Over the past 15 years, natural gas ultrasonic meters have transitioned from the engineering lab to wide commercial use as the primary device of choice to measure gas volume for fiscal accounting. Wide acceptance and use by gas pipeline companies has occurred during this time due to the device’s
- Capacity (rangeability),
- Commercial availability that translates into product support, and
- Adoption of industry standards for fiscal measurement applications.
Briefly, the historical development of fluid velocity measurement in closed conduits with sonic pulses was first considered in the 1920s with discovery that transmission and reception of repetitive sound bursts could be used to describe the location and speed of moving objects; this principle was soon used to build sonar and radar arrays. Attempts were made over the years to apply the principle to measurement of fluid velocity in conduits, but it wasn’t until the development of economical high-speed electronics and digital signal processing in the late 1970s that a repeatable instrument with sufficient resolution for gas applications was devised.
Over the following decade and a half, the practical challenges of making the technology commercially viable as a flow measurement device were described and addressed through innovation and development that resulted in production of a gas ultrasonic meter that utilizes:
- Robust transducers that generate repeatable pulses (amplitude and frequency),
- Multiple paths to average axial velocity components over the cross-section of a closed conduit, (i.e. pipe),
- High-speed electronics complete with an accurate clock, to detect, resolve and time transmission and reception of sonic pulses with sufficient time-domain resolution.
- Combining transducer and electronics to permit high pulse transmission rates, and their transit time measurement, to allow rapid integration of fluid flow velocity so that accurate measured values can be reported once per second.
Virtually all ultrasonic meters used by pipeline companies for fiscal measurement are flow-calibrated at meteorologically traceable test labs. Flow tests are conducted at multiple points over the meter’s operating range to characterize its proof curve. Meter factor(s) are then calculated and applied to correct the meter’s output to the lab’s reference standards.

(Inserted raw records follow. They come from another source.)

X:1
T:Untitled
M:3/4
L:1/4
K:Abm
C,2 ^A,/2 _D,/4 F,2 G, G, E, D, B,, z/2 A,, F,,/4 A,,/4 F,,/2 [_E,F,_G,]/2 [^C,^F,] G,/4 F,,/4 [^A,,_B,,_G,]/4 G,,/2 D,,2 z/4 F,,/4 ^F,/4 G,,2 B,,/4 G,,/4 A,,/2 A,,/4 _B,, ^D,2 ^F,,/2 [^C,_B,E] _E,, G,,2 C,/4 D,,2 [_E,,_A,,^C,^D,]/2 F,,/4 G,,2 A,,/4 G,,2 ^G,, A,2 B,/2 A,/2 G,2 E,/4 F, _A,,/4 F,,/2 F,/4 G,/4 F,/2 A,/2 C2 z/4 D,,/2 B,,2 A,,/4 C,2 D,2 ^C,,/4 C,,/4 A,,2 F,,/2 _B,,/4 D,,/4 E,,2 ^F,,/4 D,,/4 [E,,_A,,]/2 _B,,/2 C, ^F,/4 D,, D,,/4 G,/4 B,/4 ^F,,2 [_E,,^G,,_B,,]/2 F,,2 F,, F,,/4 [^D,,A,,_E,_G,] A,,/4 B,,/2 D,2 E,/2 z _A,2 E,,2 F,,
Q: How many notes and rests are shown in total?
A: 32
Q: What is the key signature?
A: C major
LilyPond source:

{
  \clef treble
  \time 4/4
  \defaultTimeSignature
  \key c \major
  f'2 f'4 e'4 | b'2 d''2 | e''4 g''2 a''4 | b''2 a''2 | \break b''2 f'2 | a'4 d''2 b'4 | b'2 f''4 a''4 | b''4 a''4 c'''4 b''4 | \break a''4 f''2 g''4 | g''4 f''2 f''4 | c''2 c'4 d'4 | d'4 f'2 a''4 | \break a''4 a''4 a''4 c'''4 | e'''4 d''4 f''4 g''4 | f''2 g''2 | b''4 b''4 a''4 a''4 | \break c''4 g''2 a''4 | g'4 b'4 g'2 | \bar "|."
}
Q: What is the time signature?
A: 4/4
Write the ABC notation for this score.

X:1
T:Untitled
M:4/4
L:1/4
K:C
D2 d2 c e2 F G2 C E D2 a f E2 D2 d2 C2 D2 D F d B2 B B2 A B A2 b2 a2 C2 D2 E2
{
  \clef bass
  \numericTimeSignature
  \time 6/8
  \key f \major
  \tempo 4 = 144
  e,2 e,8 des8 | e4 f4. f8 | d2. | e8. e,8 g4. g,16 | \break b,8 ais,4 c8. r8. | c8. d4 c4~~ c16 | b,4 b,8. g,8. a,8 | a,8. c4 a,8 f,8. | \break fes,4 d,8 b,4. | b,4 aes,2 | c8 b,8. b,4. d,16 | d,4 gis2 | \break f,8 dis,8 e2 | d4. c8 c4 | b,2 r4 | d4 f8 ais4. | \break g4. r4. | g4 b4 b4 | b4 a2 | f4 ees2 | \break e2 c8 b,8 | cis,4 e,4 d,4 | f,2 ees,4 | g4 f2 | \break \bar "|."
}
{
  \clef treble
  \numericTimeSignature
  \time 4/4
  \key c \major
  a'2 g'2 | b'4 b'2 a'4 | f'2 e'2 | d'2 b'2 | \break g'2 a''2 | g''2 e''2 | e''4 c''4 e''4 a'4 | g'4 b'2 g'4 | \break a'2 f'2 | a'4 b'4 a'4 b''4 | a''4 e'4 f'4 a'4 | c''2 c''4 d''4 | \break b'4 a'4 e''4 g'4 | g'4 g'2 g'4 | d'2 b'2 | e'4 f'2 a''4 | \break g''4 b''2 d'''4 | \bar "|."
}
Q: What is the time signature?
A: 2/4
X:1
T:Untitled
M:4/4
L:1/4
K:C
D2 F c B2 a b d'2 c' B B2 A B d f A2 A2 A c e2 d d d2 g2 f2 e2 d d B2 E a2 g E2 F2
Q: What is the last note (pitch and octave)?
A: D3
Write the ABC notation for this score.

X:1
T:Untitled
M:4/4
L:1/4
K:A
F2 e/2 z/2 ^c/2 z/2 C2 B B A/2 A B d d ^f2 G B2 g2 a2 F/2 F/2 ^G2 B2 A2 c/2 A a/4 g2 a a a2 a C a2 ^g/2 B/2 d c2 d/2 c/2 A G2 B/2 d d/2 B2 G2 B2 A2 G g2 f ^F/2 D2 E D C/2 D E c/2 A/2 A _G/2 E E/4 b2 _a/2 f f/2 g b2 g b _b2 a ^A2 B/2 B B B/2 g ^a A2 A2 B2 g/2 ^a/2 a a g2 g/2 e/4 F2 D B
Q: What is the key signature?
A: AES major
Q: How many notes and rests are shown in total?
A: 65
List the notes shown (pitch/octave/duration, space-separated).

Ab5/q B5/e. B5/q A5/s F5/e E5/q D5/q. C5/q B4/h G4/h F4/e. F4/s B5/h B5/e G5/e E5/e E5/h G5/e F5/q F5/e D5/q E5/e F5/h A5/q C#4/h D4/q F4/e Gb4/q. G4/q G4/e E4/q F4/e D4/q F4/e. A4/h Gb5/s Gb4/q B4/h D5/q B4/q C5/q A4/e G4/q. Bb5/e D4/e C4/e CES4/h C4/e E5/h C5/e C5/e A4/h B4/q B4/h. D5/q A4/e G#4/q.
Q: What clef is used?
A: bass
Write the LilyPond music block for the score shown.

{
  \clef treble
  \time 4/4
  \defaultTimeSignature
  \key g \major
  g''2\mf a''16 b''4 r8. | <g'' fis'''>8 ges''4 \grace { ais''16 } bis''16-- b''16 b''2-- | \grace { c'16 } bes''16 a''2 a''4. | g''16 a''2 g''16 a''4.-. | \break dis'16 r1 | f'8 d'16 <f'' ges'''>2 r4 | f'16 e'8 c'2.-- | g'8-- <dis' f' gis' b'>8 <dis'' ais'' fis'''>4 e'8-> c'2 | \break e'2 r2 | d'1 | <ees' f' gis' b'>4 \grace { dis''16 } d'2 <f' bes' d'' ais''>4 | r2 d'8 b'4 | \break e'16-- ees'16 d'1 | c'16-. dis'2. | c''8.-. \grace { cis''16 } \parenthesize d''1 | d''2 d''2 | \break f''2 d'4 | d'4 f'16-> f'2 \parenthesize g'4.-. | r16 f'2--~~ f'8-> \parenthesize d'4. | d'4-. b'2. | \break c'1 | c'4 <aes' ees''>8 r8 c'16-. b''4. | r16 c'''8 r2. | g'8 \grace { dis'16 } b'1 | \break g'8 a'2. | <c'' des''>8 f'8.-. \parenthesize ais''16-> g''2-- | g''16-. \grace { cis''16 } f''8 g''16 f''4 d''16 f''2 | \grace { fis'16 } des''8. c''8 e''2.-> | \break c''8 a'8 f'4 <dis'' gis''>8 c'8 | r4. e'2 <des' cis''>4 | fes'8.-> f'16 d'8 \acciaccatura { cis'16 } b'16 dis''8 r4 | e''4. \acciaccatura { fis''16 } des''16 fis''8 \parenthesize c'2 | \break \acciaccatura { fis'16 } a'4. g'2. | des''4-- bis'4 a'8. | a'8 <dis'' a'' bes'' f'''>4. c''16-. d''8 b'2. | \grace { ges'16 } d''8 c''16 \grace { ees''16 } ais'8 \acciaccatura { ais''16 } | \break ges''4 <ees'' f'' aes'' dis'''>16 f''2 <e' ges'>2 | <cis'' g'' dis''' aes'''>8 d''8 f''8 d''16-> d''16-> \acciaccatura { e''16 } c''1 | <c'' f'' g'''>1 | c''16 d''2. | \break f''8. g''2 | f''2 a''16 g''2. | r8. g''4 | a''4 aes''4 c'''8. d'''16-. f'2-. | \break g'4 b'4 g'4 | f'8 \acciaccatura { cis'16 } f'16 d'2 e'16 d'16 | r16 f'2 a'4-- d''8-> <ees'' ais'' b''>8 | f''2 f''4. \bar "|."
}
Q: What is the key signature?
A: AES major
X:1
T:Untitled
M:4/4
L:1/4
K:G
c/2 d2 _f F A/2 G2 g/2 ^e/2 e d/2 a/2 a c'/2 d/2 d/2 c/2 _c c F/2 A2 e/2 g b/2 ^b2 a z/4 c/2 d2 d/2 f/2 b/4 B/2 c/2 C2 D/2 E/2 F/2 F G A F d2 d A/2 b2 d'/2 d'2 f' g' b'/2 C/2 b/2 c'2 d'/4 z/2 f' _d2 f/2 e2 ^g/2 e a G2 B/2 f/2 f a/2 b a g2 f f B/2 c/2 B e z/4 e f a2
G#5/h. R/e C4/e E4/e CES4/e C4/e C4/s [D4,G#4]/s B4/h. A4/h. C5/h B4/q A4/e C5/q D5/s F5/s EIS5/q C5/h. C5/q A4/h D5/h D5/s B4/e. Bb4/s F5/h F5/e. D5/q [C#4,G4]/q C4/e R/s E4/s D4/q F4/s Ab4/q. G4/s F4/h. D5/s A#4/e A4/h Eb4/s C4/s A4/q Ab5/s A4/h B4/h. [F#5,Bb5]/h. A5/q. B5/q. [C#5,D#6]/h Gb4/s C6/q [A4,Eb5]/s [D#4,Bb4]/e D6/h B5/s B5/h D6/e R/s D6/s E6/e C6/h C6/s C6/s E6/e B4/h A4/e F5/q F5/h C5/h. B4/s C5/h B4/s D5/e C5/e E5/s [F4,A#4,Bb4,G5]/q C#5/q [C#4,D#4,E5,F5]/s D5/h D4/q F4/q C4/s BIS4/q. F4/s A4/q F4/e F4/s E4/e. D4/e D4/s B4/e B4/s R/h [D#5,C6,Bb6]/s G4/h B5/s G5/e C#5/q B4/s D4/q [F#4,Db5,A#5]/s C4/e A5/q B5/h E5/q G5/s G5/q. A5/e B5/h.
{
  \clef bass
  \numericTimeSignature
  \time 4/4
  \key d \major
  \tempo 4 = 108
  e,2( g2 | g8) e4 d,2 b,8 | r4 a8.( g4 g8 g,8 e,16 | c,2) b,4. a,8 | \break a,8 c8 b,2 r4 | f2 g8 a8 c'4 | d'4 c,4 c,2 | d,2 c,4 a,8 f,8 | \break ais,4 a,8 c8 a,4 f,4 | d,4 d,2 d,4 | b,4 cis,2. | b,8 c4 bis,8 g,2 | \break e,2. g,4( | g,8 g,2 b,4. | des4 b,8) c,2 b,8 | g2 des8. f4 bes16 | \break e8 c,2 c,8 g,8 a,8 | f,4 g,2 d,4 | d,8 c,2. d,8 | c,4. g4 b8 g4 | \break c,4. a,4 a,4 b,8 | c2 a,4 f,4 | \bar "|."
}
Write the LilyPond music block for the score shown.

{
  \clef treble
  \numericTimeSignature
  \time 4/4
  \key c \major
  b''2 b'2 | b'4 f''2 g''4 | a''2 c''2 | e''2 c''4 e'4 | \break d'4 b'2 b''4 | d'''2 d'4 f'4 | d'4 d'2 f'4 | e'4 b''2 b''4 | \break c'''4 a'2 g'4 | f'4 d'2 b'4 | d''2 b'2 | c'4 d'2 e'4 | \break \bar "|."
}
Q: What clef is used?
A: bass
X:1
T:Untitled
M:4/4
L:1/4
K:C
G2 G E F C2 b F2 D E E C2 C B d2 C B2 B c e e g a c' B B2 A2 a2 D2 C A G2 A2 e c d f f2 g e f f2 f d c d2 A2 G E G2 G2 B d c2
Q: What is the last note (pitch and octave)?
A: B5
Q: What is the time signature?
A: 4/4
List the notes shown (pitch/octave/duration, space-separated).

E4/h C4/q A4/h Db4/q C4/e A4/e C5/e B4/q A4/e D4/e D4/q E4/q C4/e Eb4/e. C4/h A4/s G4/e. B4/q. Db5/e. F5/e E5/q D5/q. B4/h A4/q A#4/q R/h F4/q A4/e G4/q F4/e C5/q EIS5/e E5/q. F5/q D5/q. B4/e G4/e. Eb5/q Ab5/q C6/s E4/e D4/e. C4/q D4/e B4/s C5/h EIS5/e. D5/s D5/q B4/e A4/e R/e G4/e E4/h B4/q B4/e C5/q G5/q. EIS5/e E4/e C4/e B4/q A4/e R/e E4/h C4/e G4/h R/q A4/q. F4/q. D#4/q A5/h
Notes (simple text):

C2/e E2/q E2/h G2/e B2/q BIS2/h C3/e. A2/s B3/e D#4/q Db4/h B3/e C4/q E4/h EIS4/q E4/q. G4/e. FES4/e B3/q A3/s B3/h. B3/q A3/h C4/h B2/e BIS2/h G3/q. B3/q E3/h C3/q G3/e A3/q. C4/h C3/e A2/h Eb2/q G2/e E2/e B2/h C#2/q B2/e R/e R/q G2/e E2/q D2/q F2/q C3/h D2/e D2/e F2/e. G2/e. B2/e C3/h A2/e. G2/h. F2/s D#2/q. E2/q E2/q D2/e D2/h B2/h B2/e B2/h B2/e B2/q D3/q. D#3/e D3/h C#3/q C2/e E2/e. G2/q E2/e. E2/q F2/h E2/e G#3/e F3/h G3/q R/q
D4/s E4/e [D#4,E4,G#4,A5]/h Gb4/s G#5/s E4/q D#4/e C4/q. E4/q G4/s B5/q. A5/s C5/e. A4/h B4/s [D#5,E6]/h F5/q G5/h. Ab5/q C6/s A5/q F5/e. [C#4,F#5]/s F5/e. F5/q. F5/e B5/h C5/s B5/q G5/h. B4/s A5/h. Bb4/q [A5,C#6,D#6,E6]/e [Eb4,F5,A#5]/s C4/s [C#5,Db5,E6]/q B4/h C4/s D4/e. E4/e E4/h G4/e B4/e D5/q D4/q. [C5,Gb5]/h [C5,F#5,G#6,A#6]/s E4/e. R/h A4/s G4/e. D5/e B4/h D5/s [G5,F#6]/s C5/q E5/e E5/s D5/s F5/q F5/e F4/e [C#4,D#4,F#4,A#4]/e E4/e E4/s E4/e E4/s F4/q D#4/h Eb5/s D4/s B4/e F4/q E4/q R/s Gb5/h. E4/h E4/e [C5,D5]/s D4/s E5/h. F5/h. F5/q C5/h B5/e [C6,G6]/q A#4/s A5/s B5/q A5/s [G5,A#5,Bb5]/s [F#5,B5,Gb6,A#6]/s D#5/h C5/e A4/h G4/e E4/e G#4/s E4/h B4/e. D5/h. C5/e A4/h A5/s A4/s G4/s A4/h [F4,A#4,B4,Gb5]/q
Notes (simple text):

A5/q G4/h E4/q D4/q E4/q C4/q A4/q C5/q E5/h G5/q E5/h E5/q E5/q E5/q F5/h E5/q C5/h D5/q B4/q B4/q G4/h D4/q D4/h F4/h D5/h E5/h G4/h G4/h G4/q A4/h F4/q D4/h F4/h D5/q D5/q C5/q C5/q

An advantage of modern ultrasonic meters is that once flow-calibrated, diagnostic assessments can describe whether proof, i.e. meter factor, shifts due to fault in the meter’s operating elements (i.e. transducers and/or processing electronics), so that re-calibration generally isn’t required (although some regulatory authorities mandate re-certification at set intervals: these mandates vary by jurisdiction).
Knowledge regarding the measuring principle of ultrasonic meters lays a foundation for optimal field application as well as providing the basis for understanding whether the meter continues to accurately and reliably measure gas volume. Multipath ultrasonic meters that are typically used for gas custody transfer calculate gas flow rate from velocity measurements made over a pipe’s cross-section, using the following process:
- Transducer pairs are installed in a meter body and are used to make transit time measurements of ultrasonic pulses which each transducer both transmits and receives. Pulses shot in the downstream direction are accelerated while those shot upstream are decelerated by the gas flow. (At 0 flow, transit times in the upstream and downstream directions are equal.)
- Velocities are calculated for each transducer pair, or path, from the measured transit time difference between pulses shot in the upstream and downstream directions.
- The multiple path velocities are averaged into the bulk velocity using a weighting scheme that depends on the path’s location in the pipe cross-section for which velocity is “sampled”.
- Bulk velocity is multiplied by the meter body’s cross-sectional area to calculate uncorrected flow rate.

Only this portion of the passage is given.